[Source records]
··········
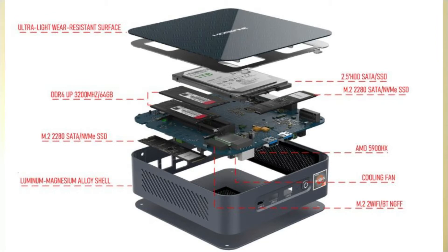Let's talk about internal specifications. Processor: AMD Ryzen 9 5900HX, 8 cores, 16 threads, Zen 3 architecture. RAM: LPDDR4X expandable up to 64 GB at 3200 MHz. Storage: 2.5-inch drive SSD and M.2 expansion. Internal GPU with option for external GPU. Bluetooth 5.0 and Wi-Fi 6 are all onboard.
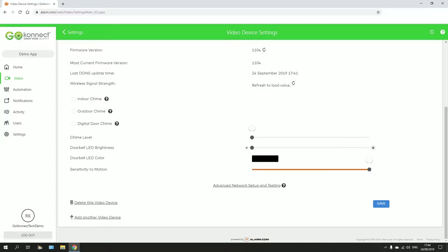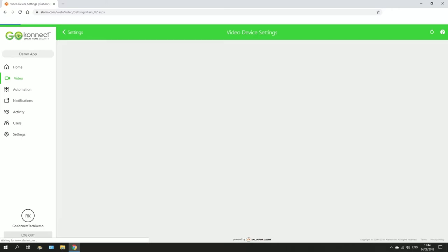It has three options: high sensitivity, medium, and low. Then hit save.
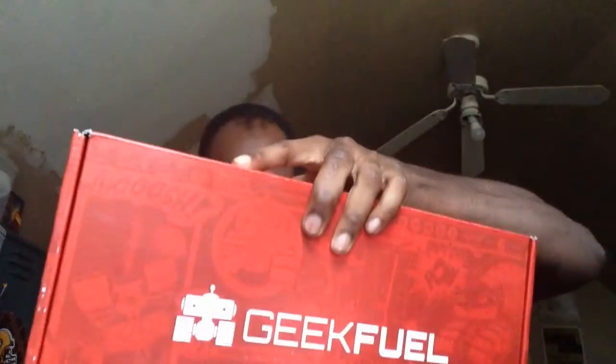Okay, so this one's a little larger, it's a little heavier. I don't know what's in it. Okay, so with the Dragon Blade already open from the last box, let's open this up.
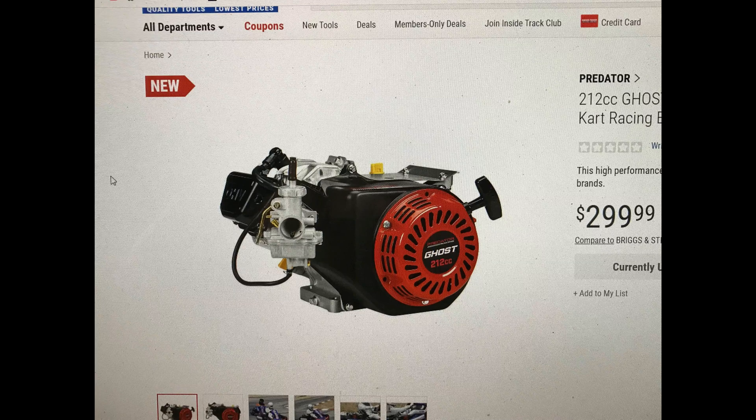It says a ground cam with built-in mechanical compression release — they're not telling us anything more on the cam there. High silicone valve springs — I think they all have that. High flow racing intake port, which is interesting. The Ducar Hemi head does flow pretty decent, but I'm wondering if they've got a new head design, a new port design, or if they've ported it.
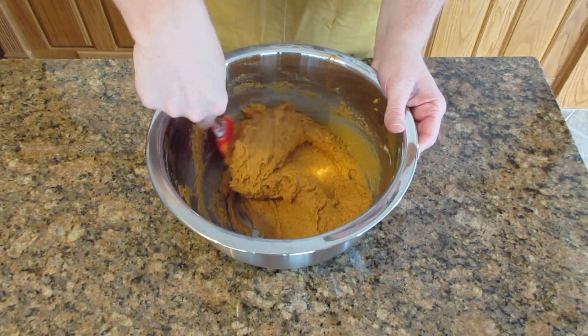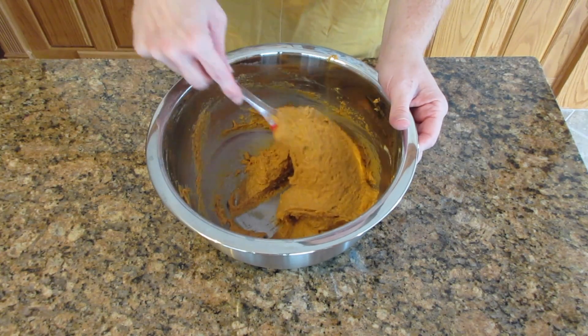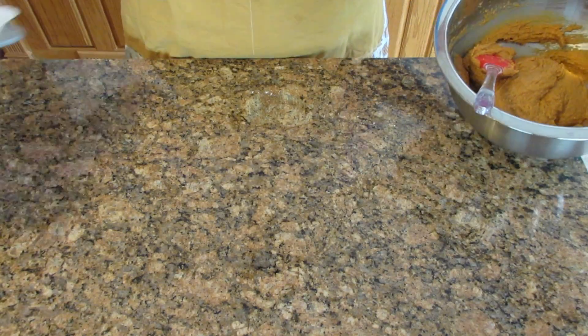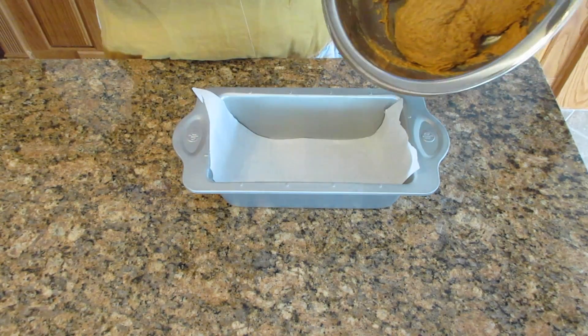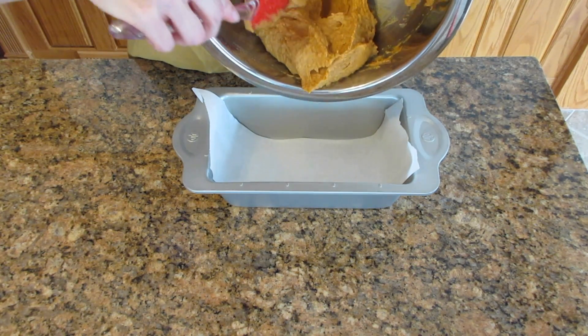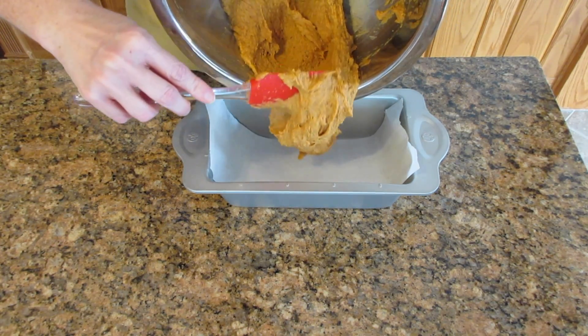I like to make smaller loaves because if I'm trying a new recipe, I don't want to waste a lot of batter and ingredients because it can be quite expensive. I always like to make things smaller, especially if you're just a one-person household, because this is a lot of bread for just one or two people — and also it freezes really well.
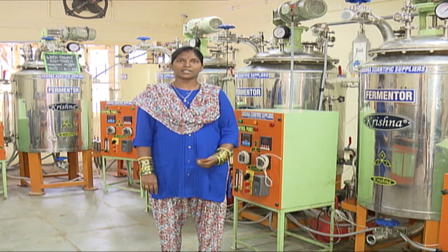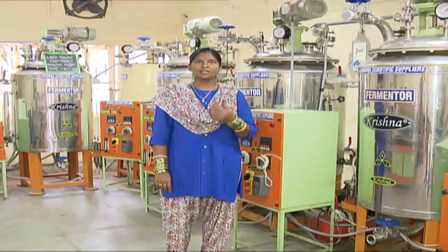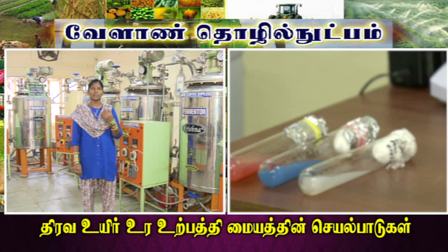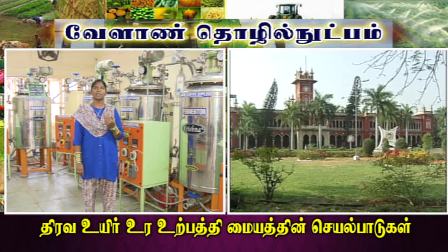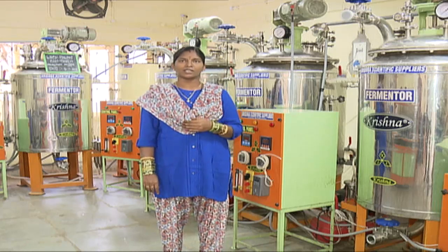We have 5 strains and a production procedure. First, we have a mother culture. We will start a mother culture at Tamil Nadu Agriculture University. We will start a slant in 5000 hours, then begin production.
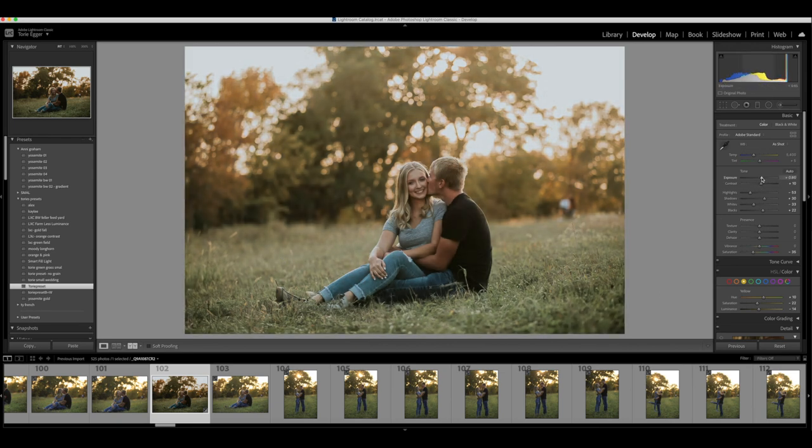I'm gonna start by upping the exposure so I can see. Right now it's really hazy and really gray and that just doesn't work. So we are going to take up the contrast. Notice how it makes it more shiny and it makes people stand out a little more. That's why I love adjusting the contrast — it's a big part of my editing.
··········
Give back exactly the lines from the first line of the data through the line with "Okay, so this", pictures excluded.

Let's talk about internal specifications. Processor: AMD Ryzen 9 5900HX, 8 cores, 16 threads, Zen 3 architecture. RAM: LPDDR4X expandable up to 64 GB at 3200 MHz. Storage: 2.5-inch drive SSD and M.2 expansion. Internal GPU with option for external GPU. Bluetooth 5.0 and Wi-Fi 6 are all onboard.
It has three options: high sensitivity, medium, and low. Then hit save.
Okay, so this one's a little larger, it's a little heavier. I don't know what's in it. Okay, so with the Dragon Blade already open from the last box, let's open this up.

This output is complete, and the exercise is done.